▸ PROBLEM DESCRIPTION
Write out exactly the lines from the one with "Art Nouveau Chairs" through the last line of the data below, but not the pictures.

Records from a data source
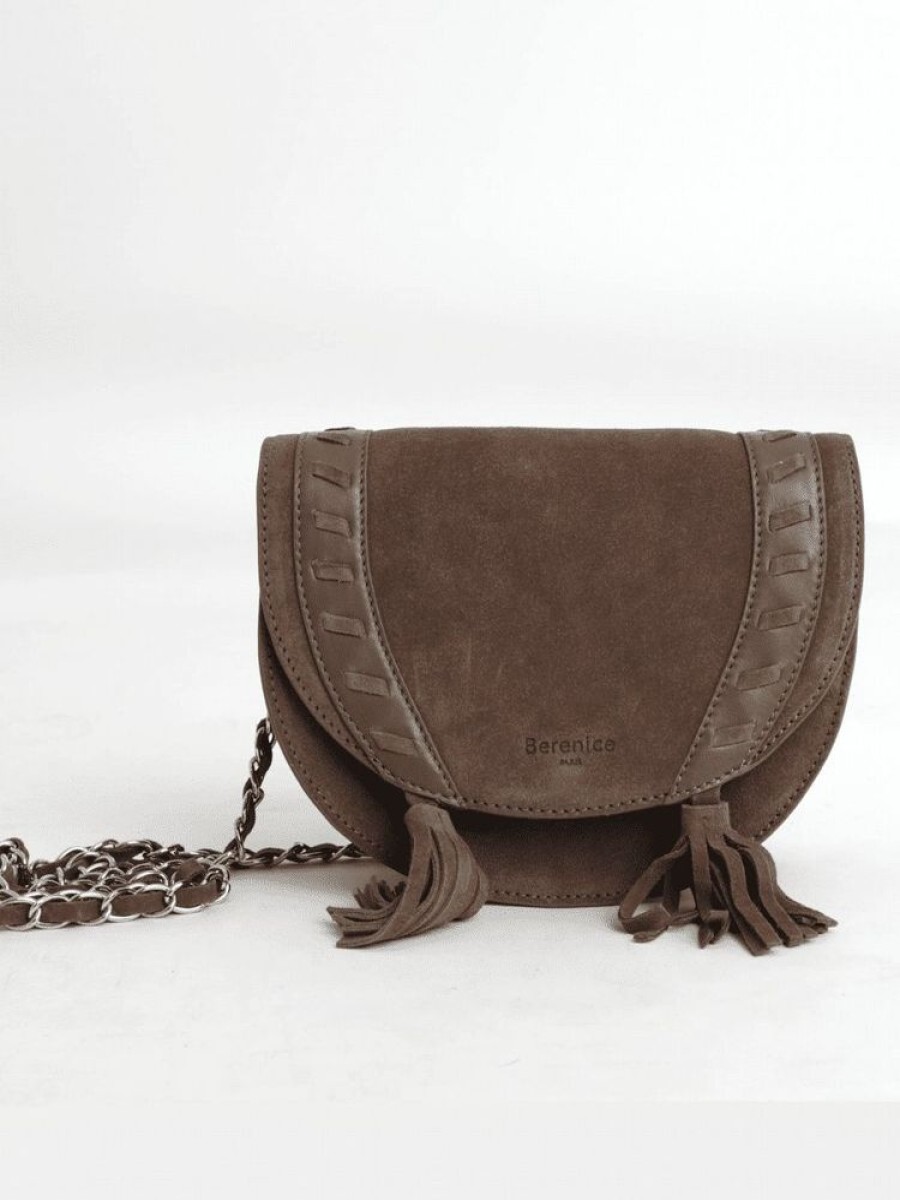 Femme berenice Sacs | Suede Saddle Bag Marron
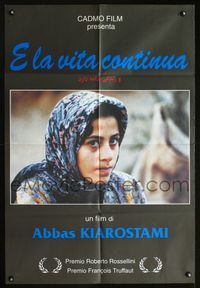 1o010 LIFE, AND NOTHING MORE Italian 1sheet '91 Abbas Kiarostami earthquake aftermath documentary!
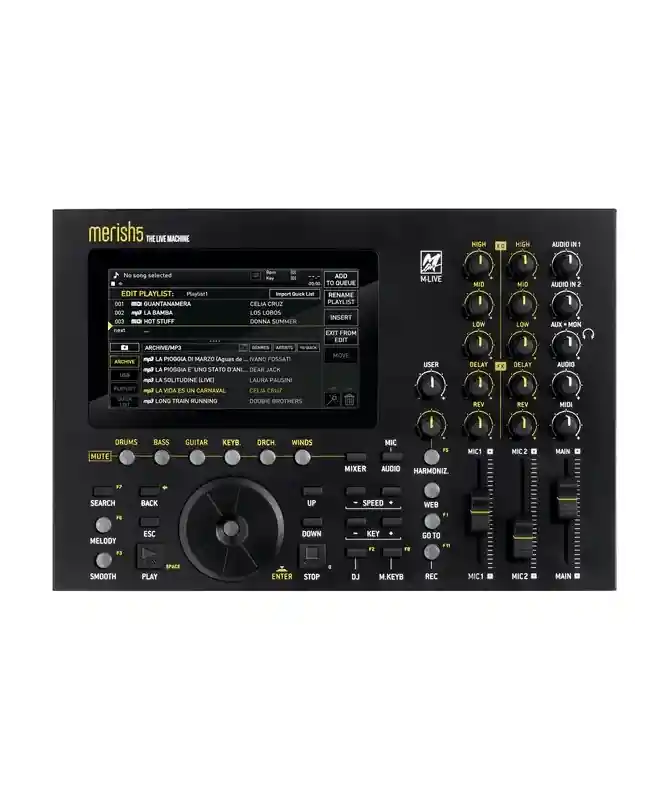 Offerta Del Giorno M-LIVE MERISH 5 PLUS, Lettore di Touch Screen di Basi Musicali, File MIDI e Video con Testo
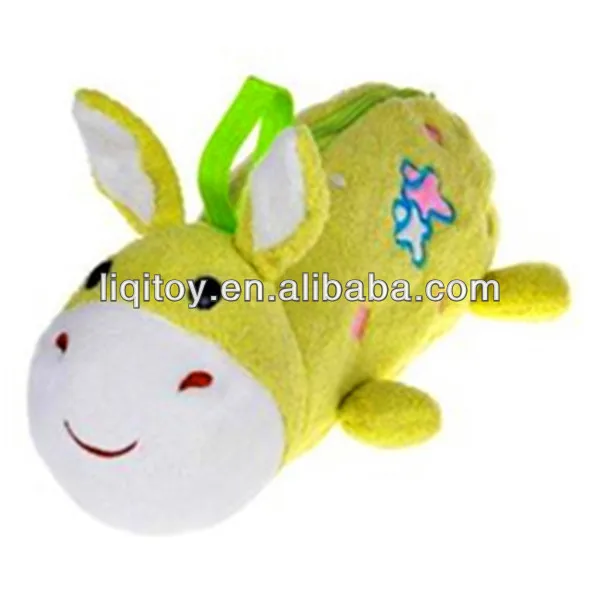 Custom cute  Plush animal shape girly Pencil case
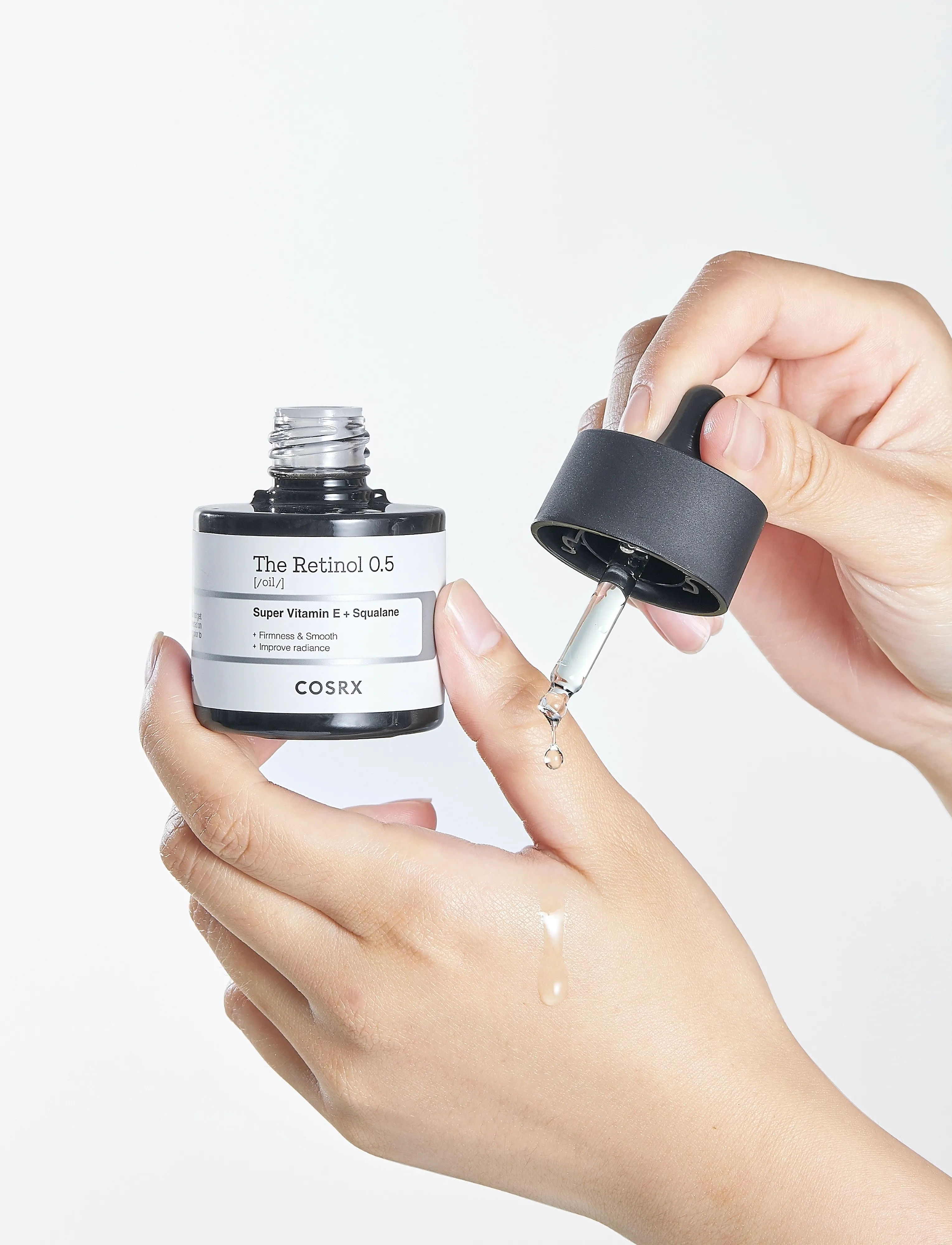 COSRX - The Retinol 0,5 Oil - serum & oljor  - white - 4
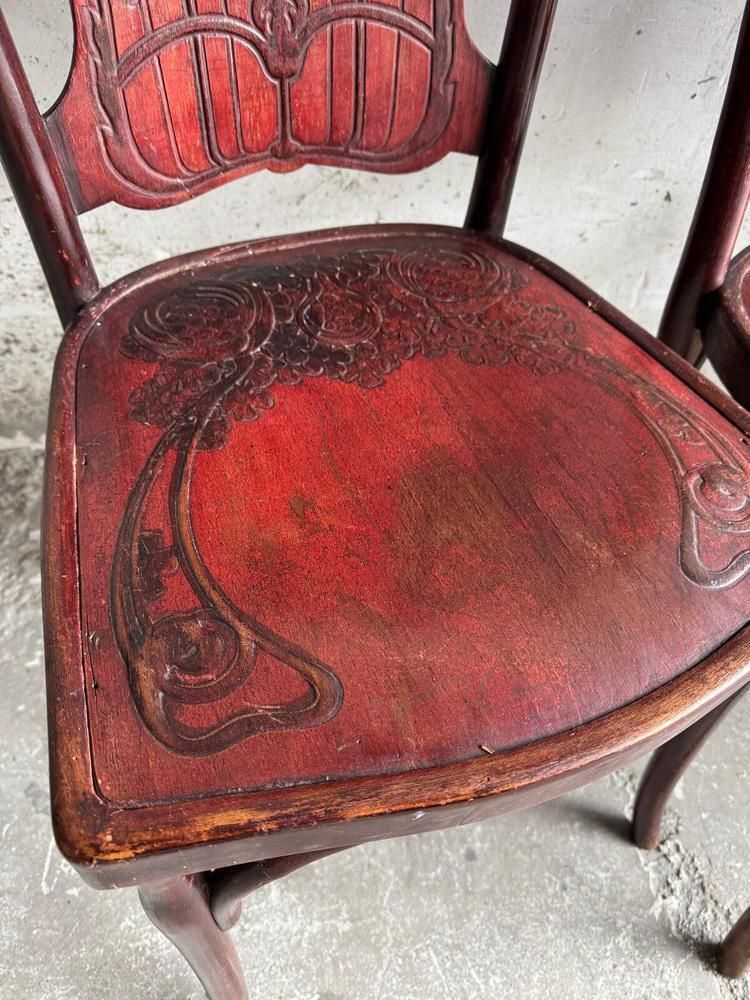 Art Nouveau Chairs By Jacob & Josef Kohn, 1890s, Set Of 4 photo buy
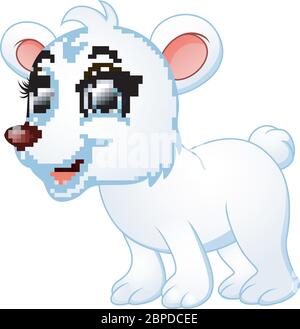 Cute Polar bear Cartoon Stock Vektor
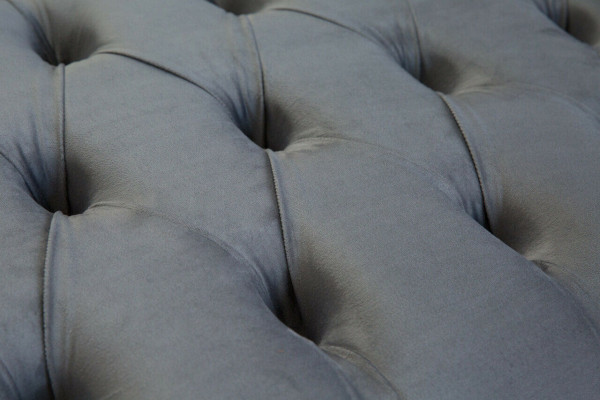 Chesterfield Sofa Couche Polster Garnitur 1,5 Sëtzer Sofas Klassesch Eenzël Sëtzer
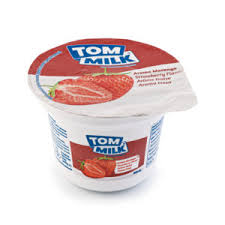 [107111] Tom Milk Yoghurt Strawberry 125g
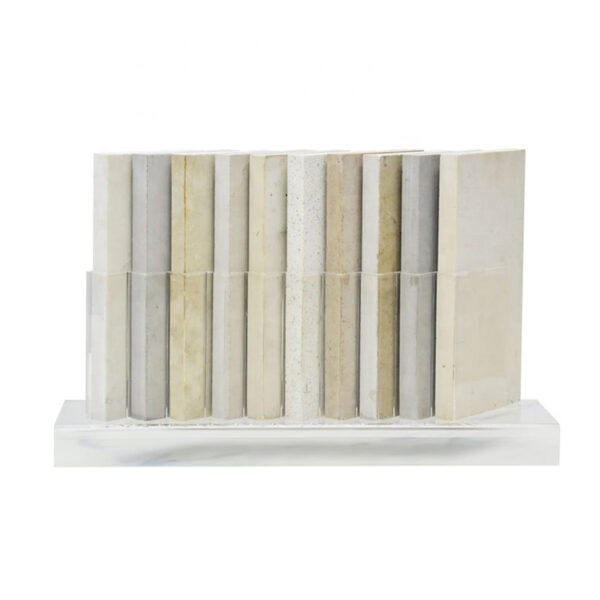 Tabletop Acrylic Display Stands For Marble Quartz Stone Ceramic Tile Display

▸ WRITTEN ANSWER
 Art Nouveau Chairs By Jacob & Josef Kohn, 1890s, Set Of 4 photo buy
 Cute Polar bear Cartoon Stock Vektor
 Chesterfield Sofa Couche Polster Garnitur 1,5 Sëtzer Sofas Klassesch Eenzël Sëtzer
 [107111] Tom Milk Yoghurt Strawberry 125g
 Tabletop Acrylic Display Stands For Marble Quartz Stone Ceramic Tile Display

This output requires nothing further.